Even more serious dangers
If you have children or pets, it is extra wise to pay attention to a third aspect. Many essential oils can cause chemical pneumonia if swallowed. This entails essential oil in the respiratory tract and can cause an inflammatory reaction due to the viscousness, a single drop can be enough. This can be very serious, and you must seek medical attention from a doctor or a hospital emergency room!
Some essential oils are poisonous or harmful if swallowed. If it is no more than a drop, it will not do much harm, but less than a bottle can be fatal to a child with some types of oil.
In addition, some essential oils contain substances that can possibly or probably cause harmful effects in the long term. This includes causing cancer, infertility, damage to genetic material and the unborn child. Essential oils with the substance safrole are notorious. Although the actual effect is probably nil, this is difficult to estimate and it is wise to avoid this group of oils as much as possible. This group includes oils such as cinnamon leaf, sassafras, mace and nutmeg.
Finally, there is the environment. Many types of essential oil are labeled as environmentally hazardous because they do not break down well in the environment. With normal use in small quantities, only small quantities enter the environment, which the environment can tolerate. However, do not dispose of large quantities of essential oil in the sewer, and certainly not in a system with a septic tank or any other form of biodegradation. A good way to keep the impact on the environment to a minimum is to buy no more essential oil than you need, so that you rarely have to throw anything away. That also saves money. If something has to be removed, you can hand it in as a private individual to the environmental department of your municipality, as a company you will usually have to conclude a contract with a processing company.
Other environmental pollution from essential oil is minimal. Sure, all fragrances, including natural ones, contribute a little to air pollution, but compared to other sources, it’s hardly worth mentioning.
There are even more environmental aspects. On the plus side, we have stated that essential oil is renewable: it is made from plants that produce a new crop every year. You do not use up raw materials, such as when using petroleum. On the negative side, to begin with, is the use of space. One hectare of land is needed for a liter of rose oil.
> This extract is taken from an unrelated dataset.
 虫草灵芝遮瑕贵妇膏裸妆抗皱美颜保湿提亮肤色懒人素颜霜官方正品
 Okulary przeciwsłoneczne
In ‘normal’ agriculture, hundreds of kilograms of fertilizer and a few kilograms of pesticides are added. In addition, tractor kilometers are also added in organic farming, the roses have to be picked and processed, it takes a lot of energy to make the oil. Difficult as it is to compare, many types of essential oils are less environmentally friendly than synthetic counterparts, because they take significantly more energy and chemicals to make.
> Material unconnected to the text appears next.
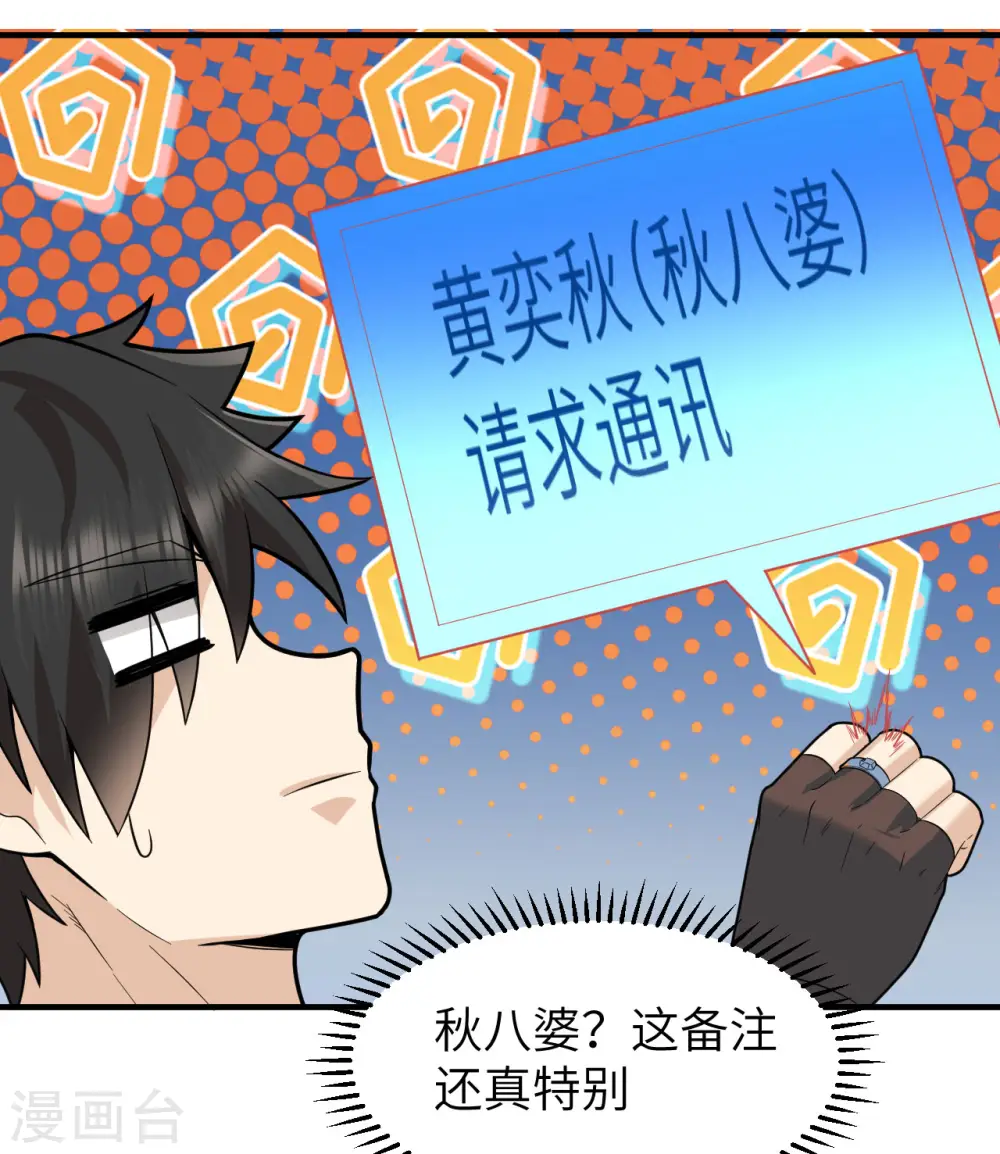 第187话 第6页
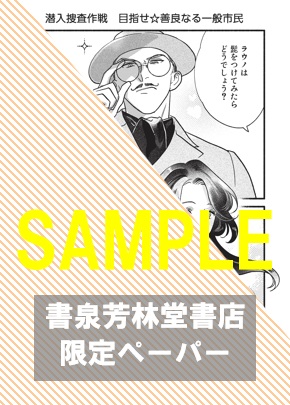 書泉・芳林堂書店限定特典ペーパー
Aromatherapy and other therapeutic uses
We are often asked whether our essential oil is suitable for aromatherapy. Our answer: yes, but . In itself, our oil is perfectly suited for aromatherapy, because – within the stated limitations that we have, see above – it is pure essential oils and we know and indicate the botanical origin. But a professional aromatherapist sometimes has extra requirements and wishes that we cannot always meet. As a rule, these extra requirements do not apply for the small-scale use of aromatherapy at home. In addition, there are various amateur and professional aromatherapists who have been using our oil for years and for whom our oil has proven to be excellent.